Data excerpts
##############################
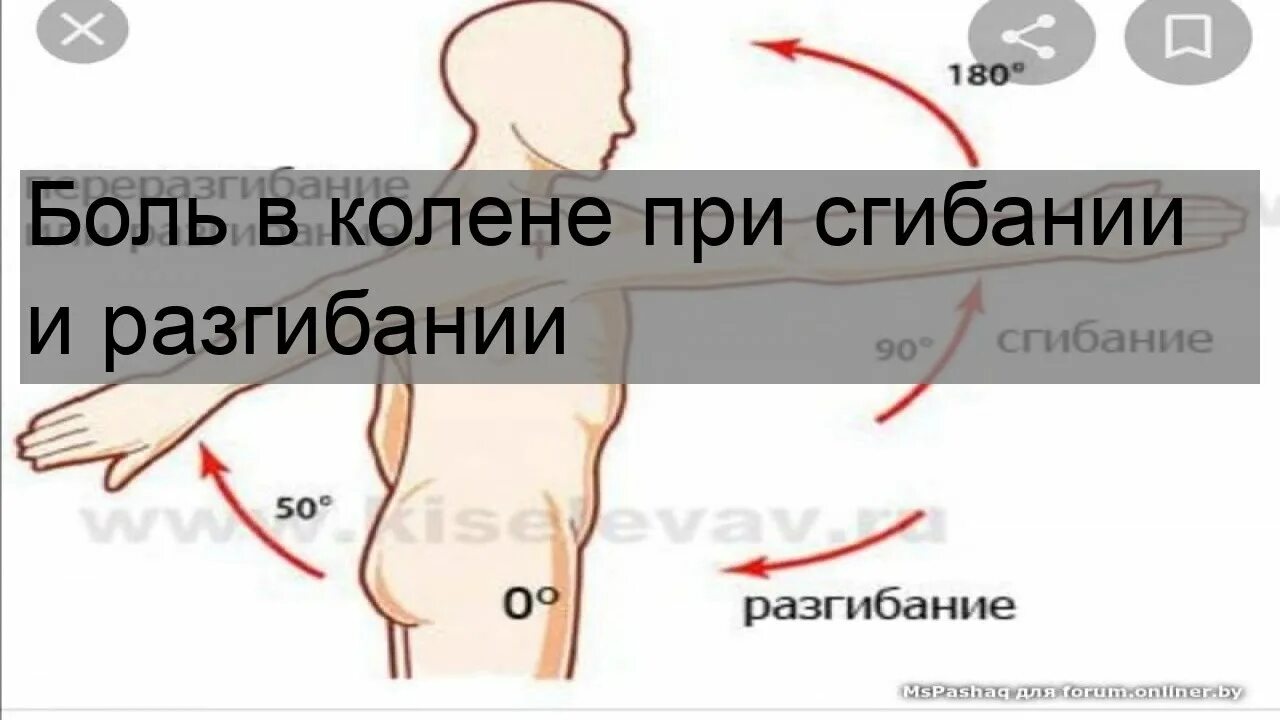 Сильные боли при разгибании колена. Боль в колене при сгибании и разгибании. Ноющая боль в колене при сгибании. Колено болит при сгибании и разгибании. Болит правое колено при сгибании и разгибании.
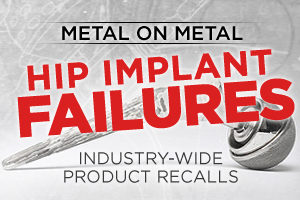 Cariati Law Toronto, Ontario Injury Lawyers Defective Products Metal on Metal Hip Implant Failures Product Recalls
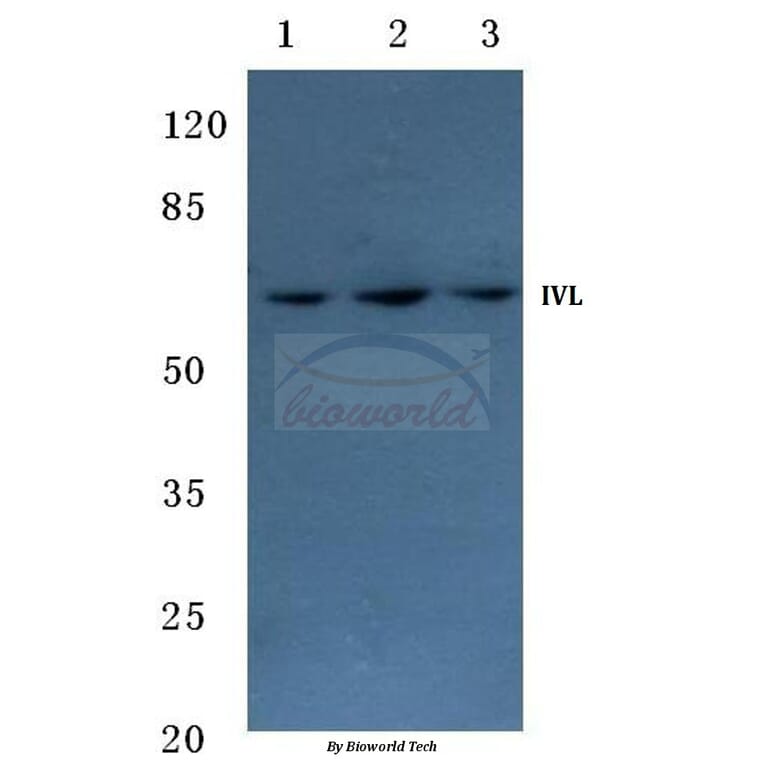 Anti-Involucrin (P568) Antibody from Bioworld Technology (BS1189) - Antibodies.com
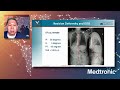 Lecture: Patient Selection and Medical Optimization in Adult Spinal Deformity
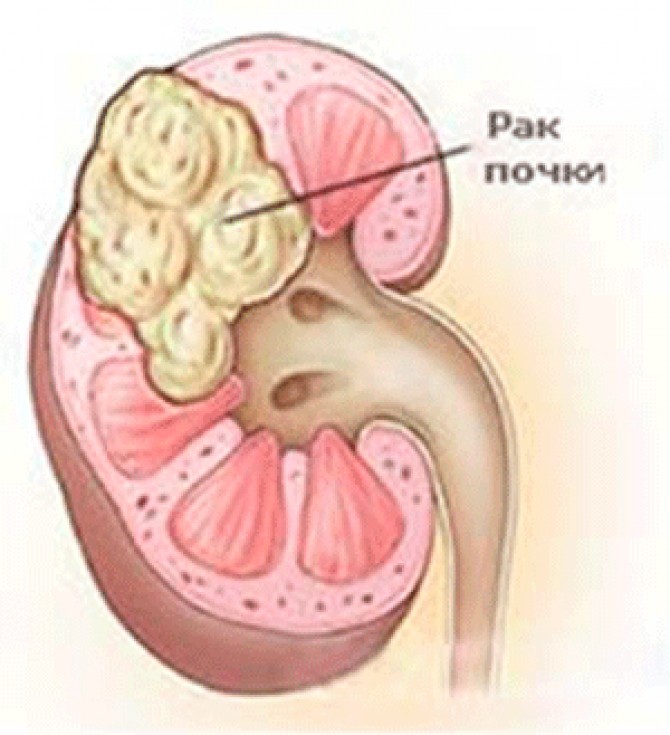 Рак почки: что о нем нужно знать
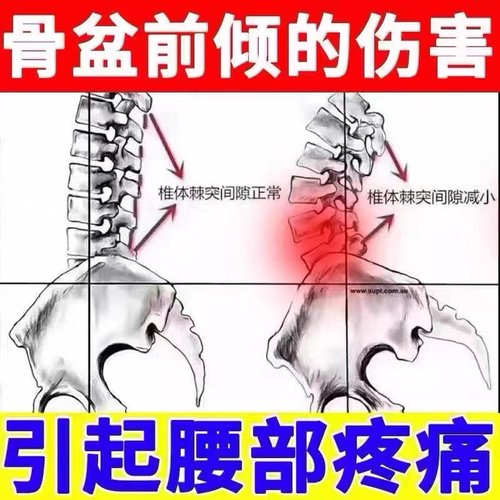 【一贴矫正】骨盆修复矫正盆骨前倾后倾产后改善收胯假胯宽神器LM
##############################
Reproduce all of the entries word for word, skipping any pictures they hold.

 Сильные боли при разгибании колена. Боль в колене при сгибании и разгибании. Ноющая боль в колене при сгибании. Колено болит при сгибании и разгибании. Болит правое колено при сгибании и разгибании.
 Cariati Law Toronto, Ontario Injury Lawyers Defective Products Metal on Metal Hip Implant Failures Product Recalls
 Anti-Involucrin (P568) Antibody from Bioworld Technology (BS1189) - Antibodies.com
 Lecture: Patient Selection and Medical Optimization in Adult Spinal Deformity
 Рак почки: что о нем нужно знать
 【一贴矫正】骨盆修复矫正盆骨前倾后倾产后改善收胯假胯宽神器LM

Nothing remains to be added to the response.